The pres­sure loss increases and the power of the blower has to be opti­mized. Mostly impor­tantly, it has to be ensured that the igni­tion does not happen too late. Hydrogen is very reac­tive and ignites a lot better than methane. There­fore, the combus­tion controller has to factor in shorter igni­tion times. Another sticking point is that the usual flame measure­ment proce­dures using ioniza­tion cannot be imple­mented when checking and moni­toring the combus­tion. As a result, heater manu­fac­turers have to test new sensors or ther­mo­cou­ples.

Table: Comparing the prop­er­ties of hydrogen, methane and propane.

Another key issue is that hydrogen has a smaller lower heating value than methane but its Wobbe index, impor­tant for the inter­change­ability of fuel gas, is almost as high. For an optimum mixture in the venturi, the gas/air ratio controls have to be adapted accord­ingly. As a result, the inter­ac­tion between the gas blowers, venturi and gas valve is of great impor­tance.

NRV 118 ready for H2

Figure 2: The “NRV 118 – Hydrogen” is ideally suited to hydrogen use. (Photo | ebm-papst)

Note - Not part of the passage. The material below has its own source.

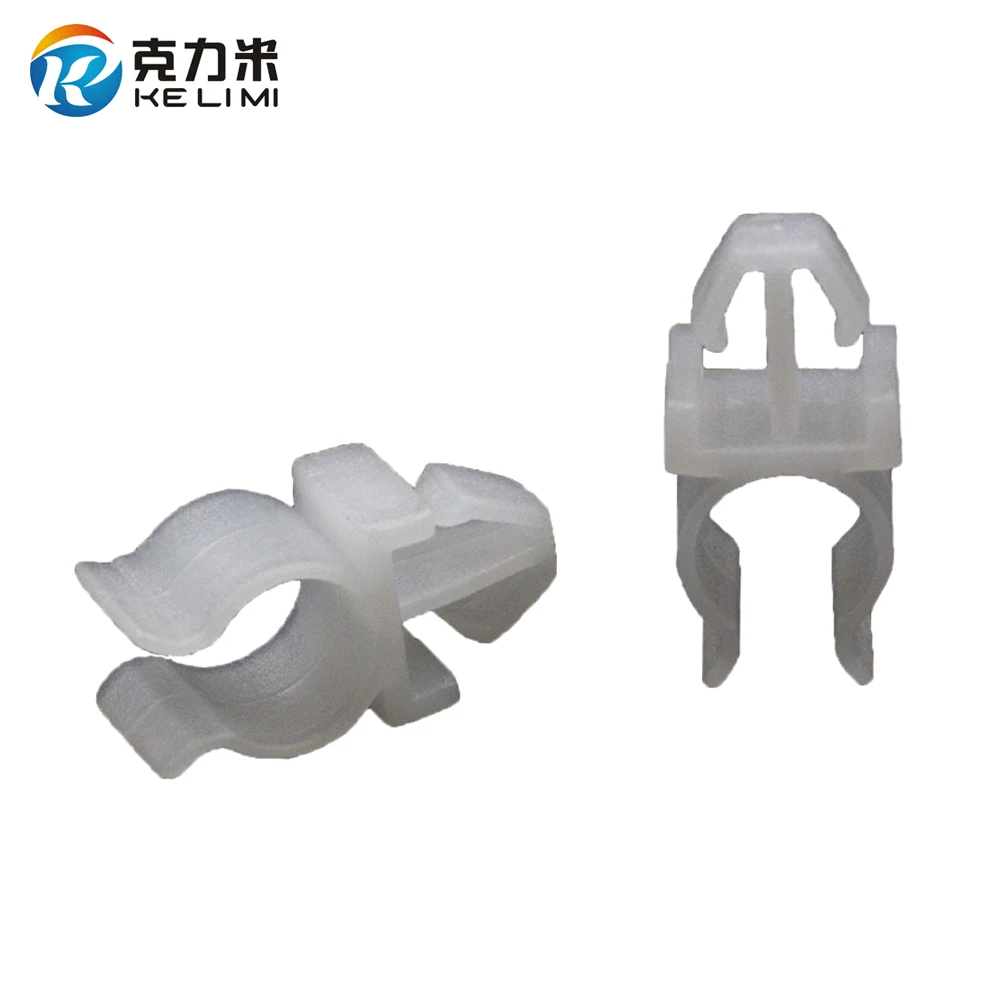 100Pcs Prop Rod Clips Plastic Fits For FAX Geely Suzuki Antelope Auto Hood Cover Support Metal Clip Fastener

The NRV 118 (Fig. 2) from ebm-papst is already designed for use with a hydrogen propor­tion of up to 10 percent without changes being required. The engi­neers at the Land­shut site put the estab­lished NRV 118 composite system through several inves­ti­ga­tions and initial field tests to check its suit­ability for hydrogen. The result: with some changes, the composite system can be adapted for use with 100 percent hydrogen. The require­ment for the tight­ness of the gas valve and blower was increased and the plas­tics and metals used were checked for their suit­ability.

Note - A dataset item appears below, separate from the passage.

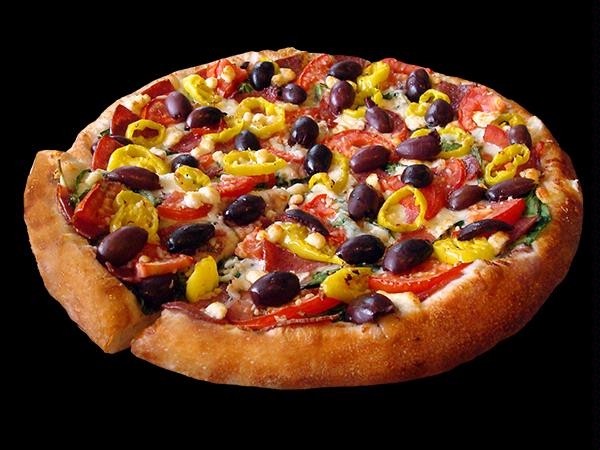 Small - Greek-'Za Mediterranean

Another benefit became clear: thanks to special pre-mixture equip­ment, the NRV 118 is ideally suited to hydrogen use. The “pre-fan-mix” gas blower compen­sates for the lower Wobbe index and hydrogen’s smaller lower heating value in the suction oper­a­tion. There is no need for more complex control lines. Further­more, higher modu­la­tions can be run because the gas valve can be opti­mally controlled by nega­tive pres­sure.

Figure 3: It is still a vision, but hydrogen could replace natural gas in the future and take over heat gener­a­tion as a climate-neutral fuel. (Illus­tra­tion | ebm-papst)

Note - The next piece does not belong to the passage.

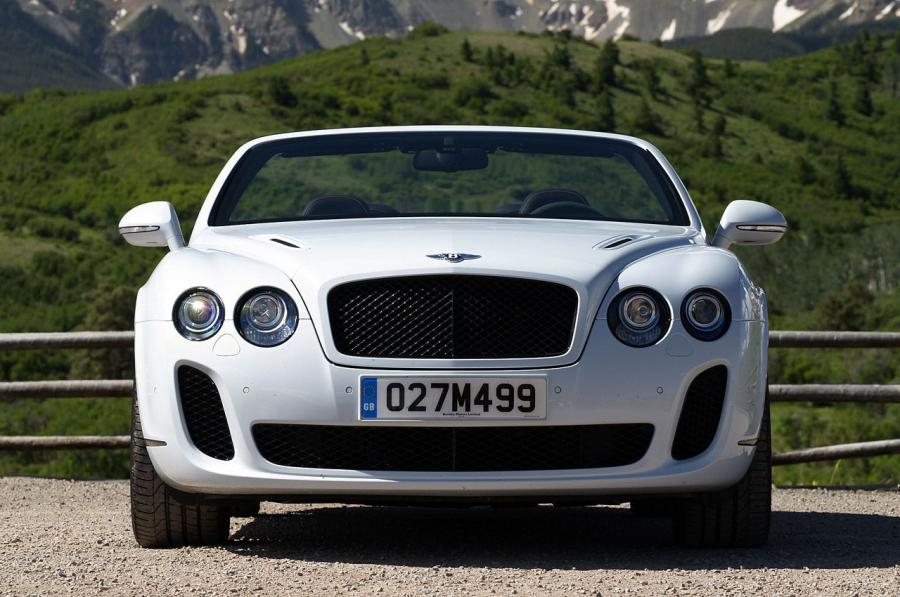  Bentley Continental SuperSports Convertible 2010 года  (фото 15 из 108)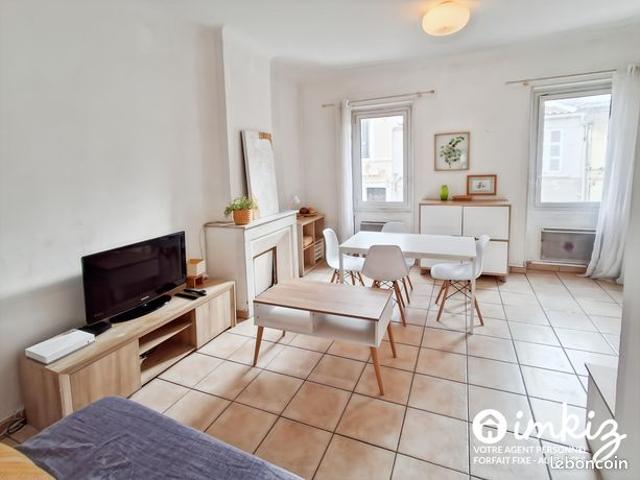 Appartement 3 pièces lumineux au cœur du Camas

All in all, this means that manu­fac­turers can count on the “NRV 118 Hydrogen” when using 100 percent hydrogen. It will be some time before the clean fuel can be used exten­sively for heating (Fig. 3). Yet, if devel­op­ments in science, poli­tics and industry continue as they are, Jules Vernes’ fictional vision may become a reality before long. 

What is impor­tant for manu­fac­turers of fuel condensing boilers when converting to hydrogen.

  1. The flame speed is eight times higher than with methane. The blowers have to be adapted to the burners’ higher pres­sure loss.
  2. Due to the slightly decreased dynamic viscosity, leaks have to be consid­ered.
  3. Hydrogen has a high perme­ability. Suit­able elas­tomer tools have to be used.
  4. Flame measure­ment proce­dures using ioniza­tion are not possible with 100 percent hydrogen. Manu­fac­turers have to test new sensors or ther­mo­cou­ples.
  5. Igni­tion loads and igni­tion times have to be kept as low and short as possible with pure hydrogen.
  6. The lower heating value of hydrogen is smaller than methane. This makes a perfectly coor­di­nated gas/air ratio control even more impor­tant.